I have mapped the AmazonSSMRoleForInstancesQuickSetup role as a Kubernetes masters role.

I have also mapped the MyDemoEKSRole cluster security role previously created for cluster provisioning to the various Kubernetes roles, for the case where Kubernetes is being invoked by a CodeBuild pipeline.

Save this config map and eventually the cluster will repair itself and report ready.

Conclusion:

After executing all of these cluster post-creation steps, my authentication failures ceased, and the cluster started reporting a successful status again, clearing the health-check and returning the node to a Ready status.

I freely admit this might not be the "right" way to solve my issue, and it definitely feels like I opened up the security way more than I should have, but it definitely worked and solved my problem.

As mentioned shortly after this we transitioned to Azure instead of AWS so I never took this any further - but I did end up with a fully working cluster with no longer any expiring credentials.

Naively I suppose I expected the tools to create a working cluster for me.
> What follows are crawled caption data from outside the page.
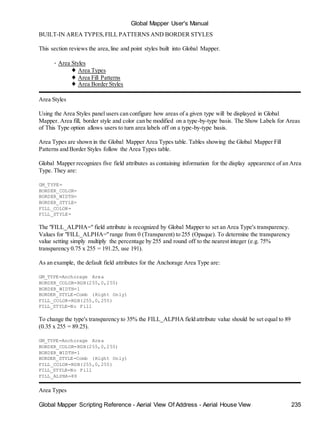 Global Mapper User's Manual
Global Mapper Scripting Reference - Aerial View Of Address - Aerial House View 235
BUILT-IN AREA TYPES,FILL PATTERNS AND BORDER STYLES
This section reviews the area,line and point styles built into Global Mapper.
• Area Styles
♦ Area Types
♦ Area Fill Patterns
♦ Area Border Styles
Area Styles
Using the Area Styles panel users can configure how areas of a given type will be displayed in Global
Mapper. Area fill, border style and color can be modified on a type-by-type basis. The Show Labels for Areas
of This Type option allows users to turn area labels off on a type-by-type basis.
Area Types are shown in the Global Mapper Area Types table. Tables showing the Global Mapper Fill
Patterns and Border Styles follow the Area Types table.
Global Mapper recognizes five field attributes as containing information for the display appearence of an Area
Type. They are:
GM_TYPE=
BORDER_COLOR=
BORDER_WIDTH=
BORDER_STYLE=
FILL_COLOR=
FILL_STYLE=
The "FILL_ALPHA=" field attribute is recognized by Global Mapper to set an Area Type's transparency.
Values for "FILL_ALPHA="range from 0 (Transparent) to 255 (Opaque). To determine the transparency
value setting simply multiply the percentage by 255 and round off to the nearest integer (e.g. 75%
transparency 0.75 x 255 = 191.25, use 191).
As an example, the default field attributes for the Anchorage Area Type are:
GM_TYPE=Anchorage Area
BORDER_COLOR=RGB(255,0,255)
BORDER_WIDTH=1
BORDER_STYLE=Comb (Right Only)
FILL_COLOR=RGB(255,0,255)
FILL_STYLE=No Fill
To change the type's transparency to 35% the FILL_ALPHA field attribute value should be set equal to 89
(0.35 x 255 = 89.25).
GM_TYPE=Anchorage Area
BORDER_COLOR=RGB(255,0,255)
BORDER_WIDTH=1
BORDER_STYLE=Comb (Right Only)
FILL_COLOR=RGB(255,0,255)
FILL_STYLE=No Fill
FILL_ALPHA=89
Area Types
 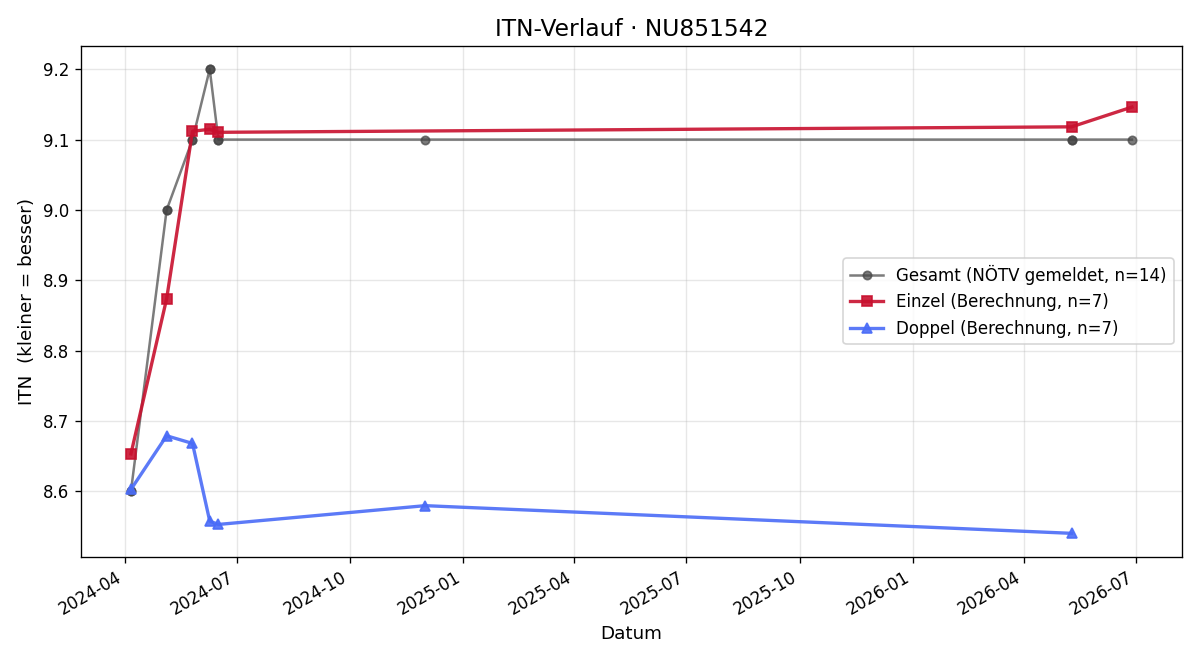 ITN-Verlauf Michael Ullrich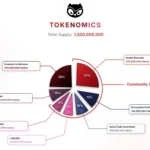 문버드, BIRD 토크노믹스 공개…NFT 기반 단계별 에어드랍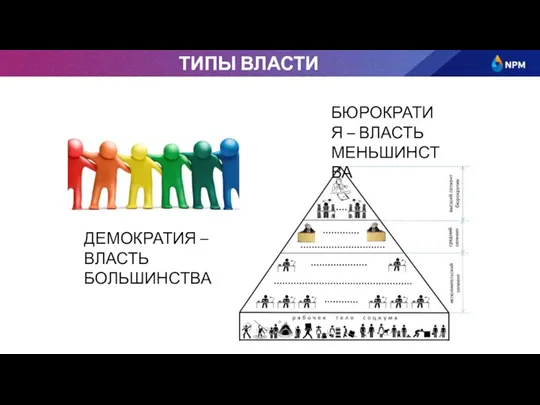 ТИПЫ ВЛАСТИ ДЕМОКРАТИЯ – ВЛАСТЬ БОЛЬШИНСТВА БЮРОКРАТИЯ – ВЛАСТЬ МЕНЬШИНСТВА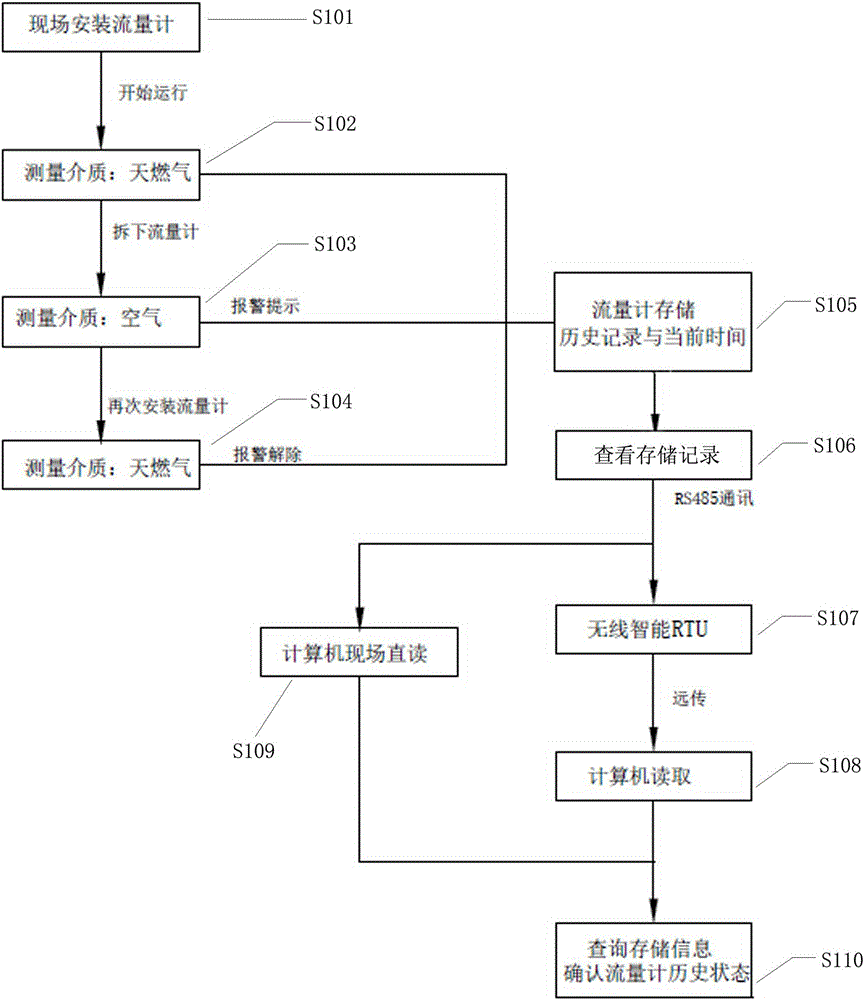 Antitheft method of metering of gas ultrasonic flow meter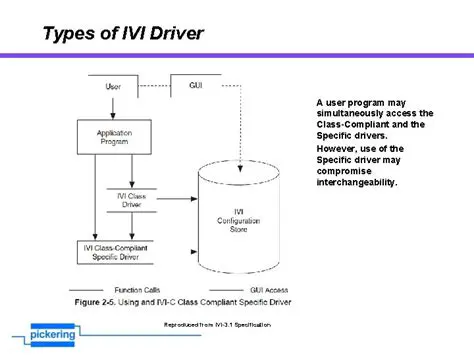 Features of Agilent546XX IVI Driver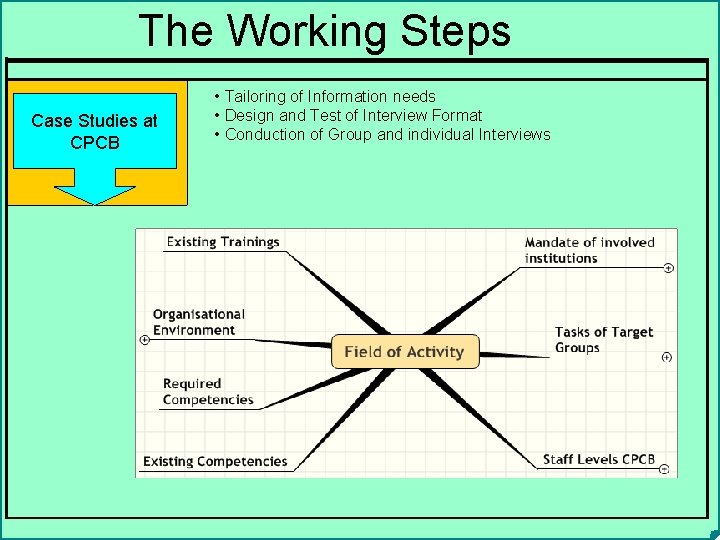 The Working Steps Case Studies at CPCB • Tailoring of Information needs • Design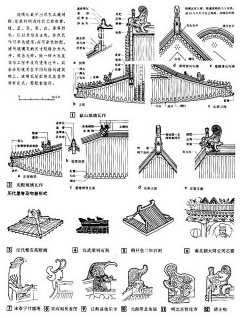 『回忆』中有你采集到尺寸比例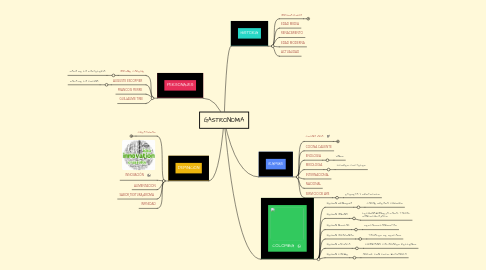 Mind Map: GASTRONOMIA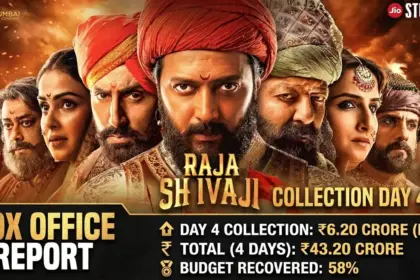 Raja Shivaji Box Office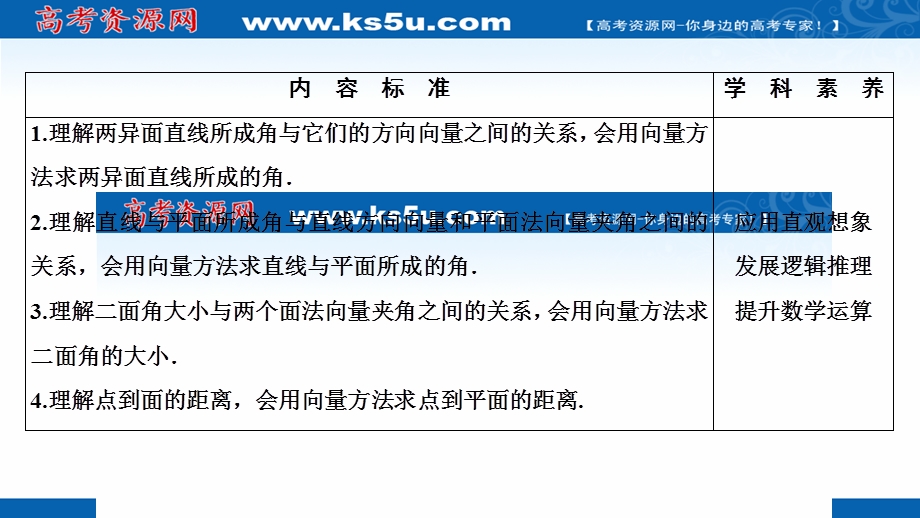 2020-2021学年人教A版数学选修2-1课件：3-2第3课时　用空间向量解决空间角与距离问题 .ppt_第2页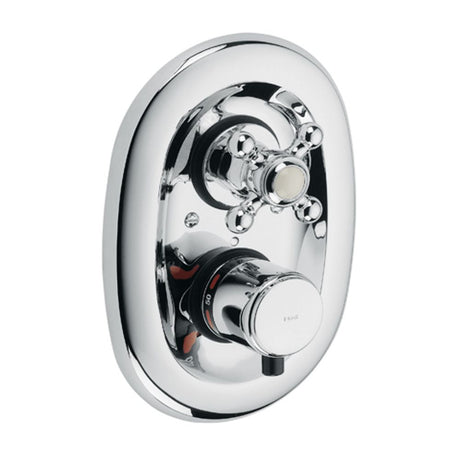 KLUDI 1926 UP-Thermostatarmatur UP-Feinbau-Set mit Absperrventil, chrom, 517200520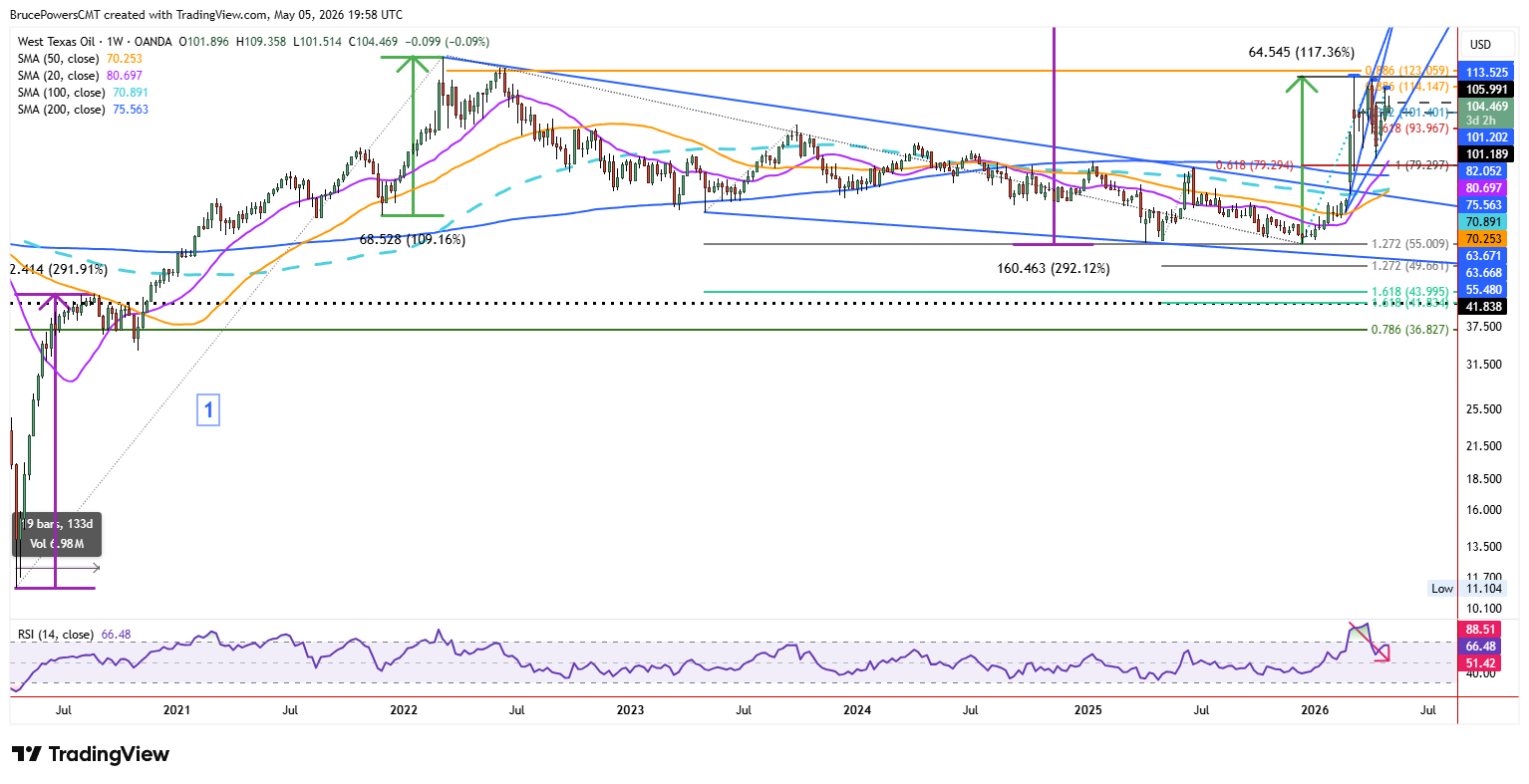 Spot WTI crude oil weekly chart shows long-term price structure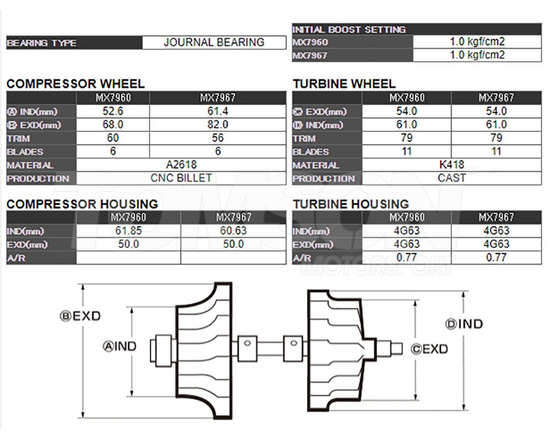 Zestaw turbosprężarki (turbo kit) Tomei TB401A-MT01A ARMS MX-Series MX7960 Mitsubishi Lancer Evo IV, V, VI, VII, VIII, IX 4G63T (400 KM)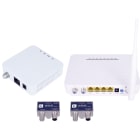 ELCART DISTRIBUTION - KIT EKOAX TX+RX LAN WIFI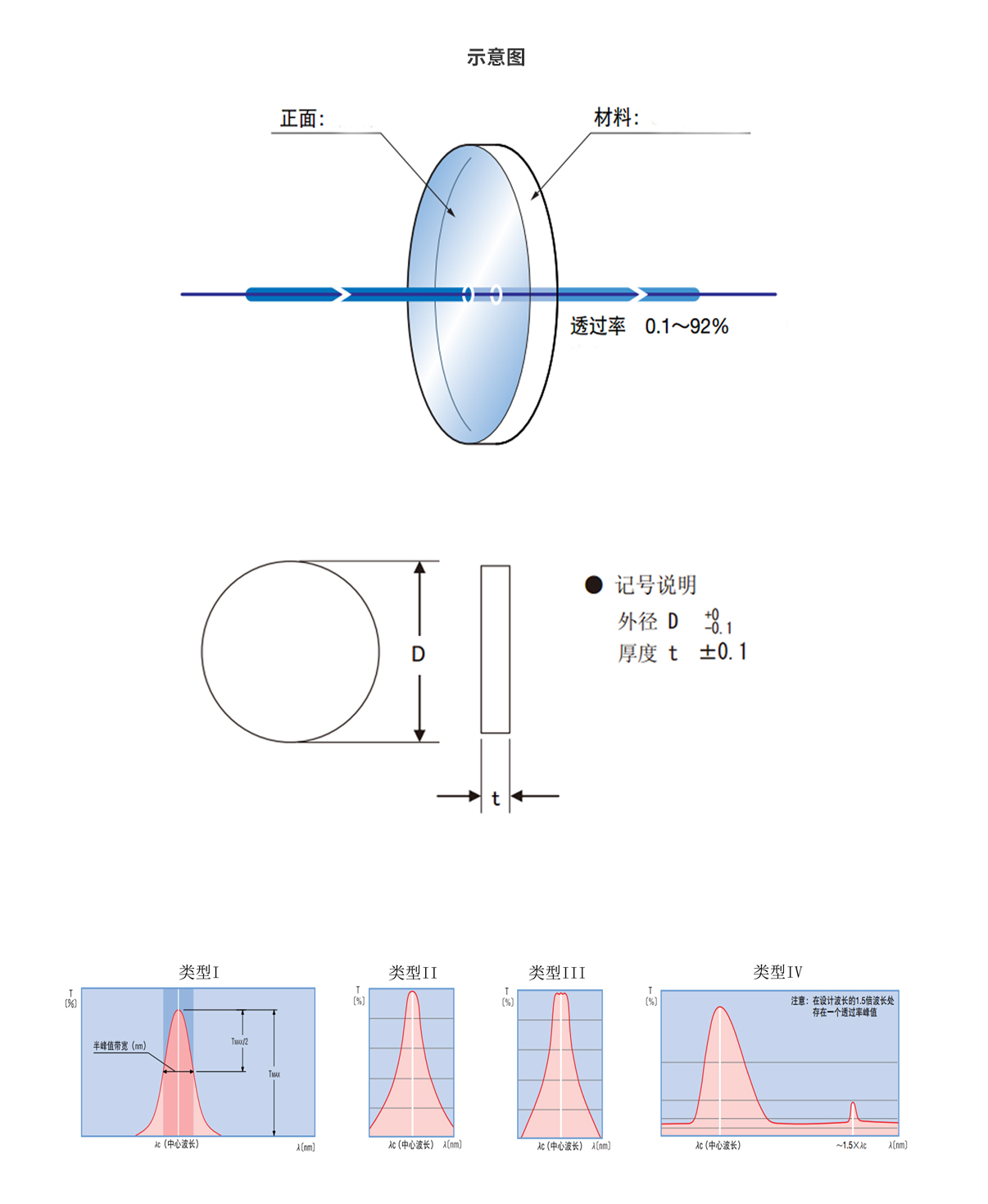 尊龙凯时人生就得博·(中国)官网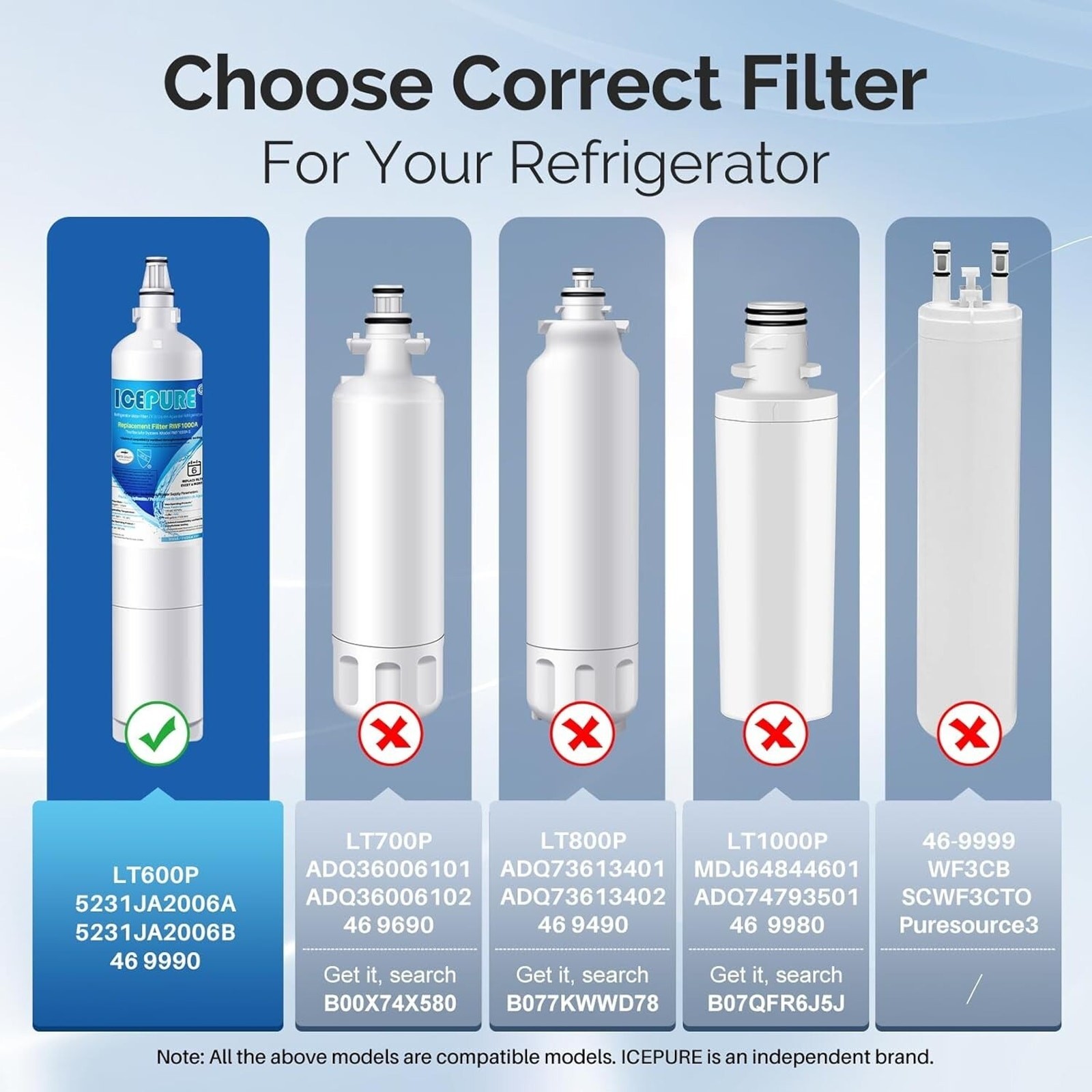 Replacement Water Filter LG LT600P Kenmore 9990 5231JA2006A Refrigerator 3-Pack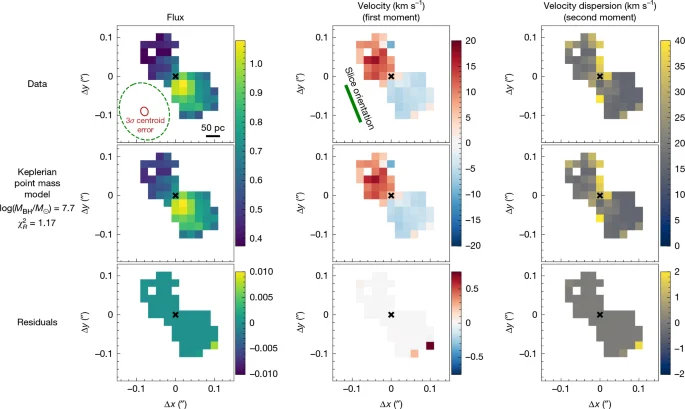 A direct black-hole mass measurement in a little red dot at high redshift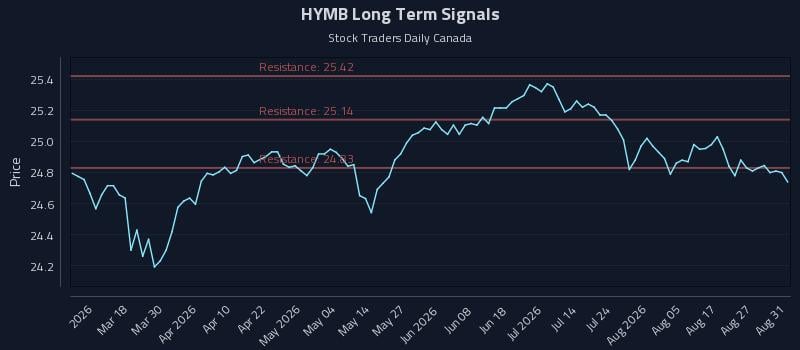HYMB Long Term Analysis for September 1 2026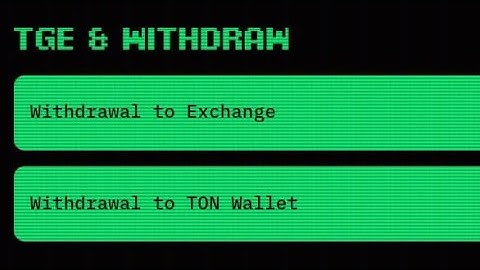 How to Sell Mnemonics Airdrop // Mnemonics Withdrawal Update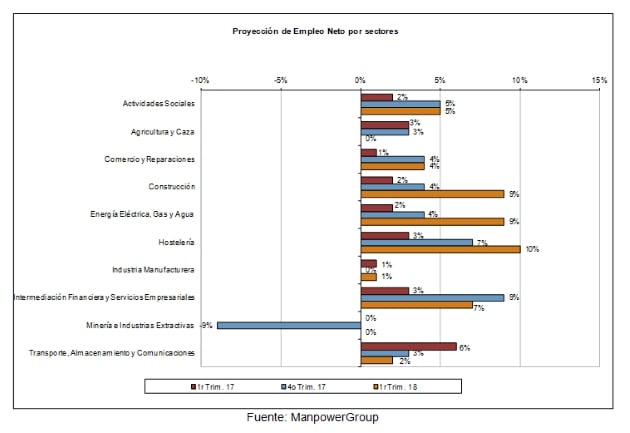 estudio-manpowergroup-proyeccion-empleo-primer-trimestre-2018-comparativa-tres-ultimos-trimestres-empleo-neto-sectores-espana_636486841449805163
There was no mention of this issue or these steps anywhere in any guide that I found.

score 1 · Answer 2 · answered Mar 09 '20 at 13:09

It looks like your role is expiring.

You can get help from Amazon EKS Troubleshooting section Unauthorized or Access Denied (kubectl).

If you receive one of the following errors while running kubectl commands, then your kubectl is not configured properly for Amazon EKS or the IAM user or role credentials that you are using do not map to a Kubernetes RBAC user with sufficient permissions in your Amazon EKS cluster.

could not get token: AccessDenied: Access denied

error: You must be logged in to the server (Unauthorized)

error: the server doesn't have a resource type "svc"

This could be because the cluster was created with one set of AWS credentials (from an IAM user or role), and kubectl is using a different set of credentials.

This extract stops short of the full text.